The Fire Blossom (The Fire Blossom Saga)
Page 28
“No one here is vain!” Ida said, contradicting her father.
But her flash of bold anger was already fading. Mostly, she felt tired, as she had constantly since the wedding. Besides, she knew any form of rebellion was pointless. Jakob Lange wouldn’t listen to the women. If they asked for cloth to make clothes, or for household goods or proper tools for gardening, the men only depreciated such items as extravagances. In Raben Steinfeld, they said, no one had needed any of that. Ida and the others could only repeat that they couldn’t weave without wool, and that the men themselves had insisted on leaving most of their cups, plates, pots, and pans in Mecklenburg. The men had reluctantly ordered gardening implements, but the rakes and spades broke when they tried to tackle the tough roots of the tussock grass. And the few clothes that the women had brought from the fatherland were practically falling apart. The men didn’t want to face the facts. In Raben Steinfeld, the families had been self-sufficient, but here, everything had to be bought and carried upriver by boat with great effort.
“But we have to eat something!”
In spite of her exhaustion and her father’s disapproval, Ida forced herself to keep talking. She could hear Karl’s voice in her head again. The land by the Moutere River is a kind of marshland. That means it gets flooded every time the river rises—and it does that regularly, in winter and summer. If the men didn’t change their minds soon, this disaster would be repeated.
“Our first harvest has been washed away!”
“And with God’s will, the second one will be even more bountiful!” Lange declared. “The New Zealand Company will just have to support us until then. There are often setbacks in farming.”
Ida sighed. It was true that the New Zealand Company was still sending supplies. It had been assured in the contract that the settlers would be provided for until their new land bore fruit. But with every delivery, the rations were becoming less generous. There was hardly any fresh fruit or vegetables, and spices, butter, and even meat were great luxuries. Mostly, dried meat was delivered, which had to be cooked for a long time before it could even be chewed, and then it tasted of bland nothingness. Additionally, there was the problem of storage. There was still a plague of rats in the encampment, and much food was spoiled.
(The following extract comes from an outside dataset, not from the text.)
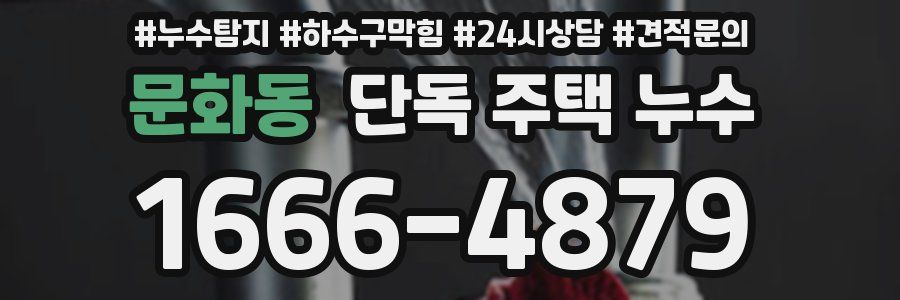 문화동 단독 주택 누수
The women had resorted to collecting herbs or just cooking the roots of wild plants. Sometimes they discovered something edible to enrich their menus, but often entire families were laid up with stomach cramps and diarrhea.
Ida hadn’t dared to try such experiments; she simply didn’t have the energy. It wasn’t as if hard work bothered her. She’d worked tirelessly in the fields and gardens of Raben Steinfeld. But back then, she hadn’t had to put up with the torturous nights with Ottfried. Ida didn’t know how other women could stand it. Perhaps their husbands were less agile, or the women less sensitive. Ida still hated it as much as ever when Ottfried fell on top of her, penetrated her, and repeated the act as many times as he possibly could. She couldn’t stand the feeling of his breath on her neck when he finally lost consciousness, crushing her. His snoring robbed her of sleep, and his viselike embrace caused her anxiety. She could recover only when he was in Nelson. Fortunately, he was there quite often.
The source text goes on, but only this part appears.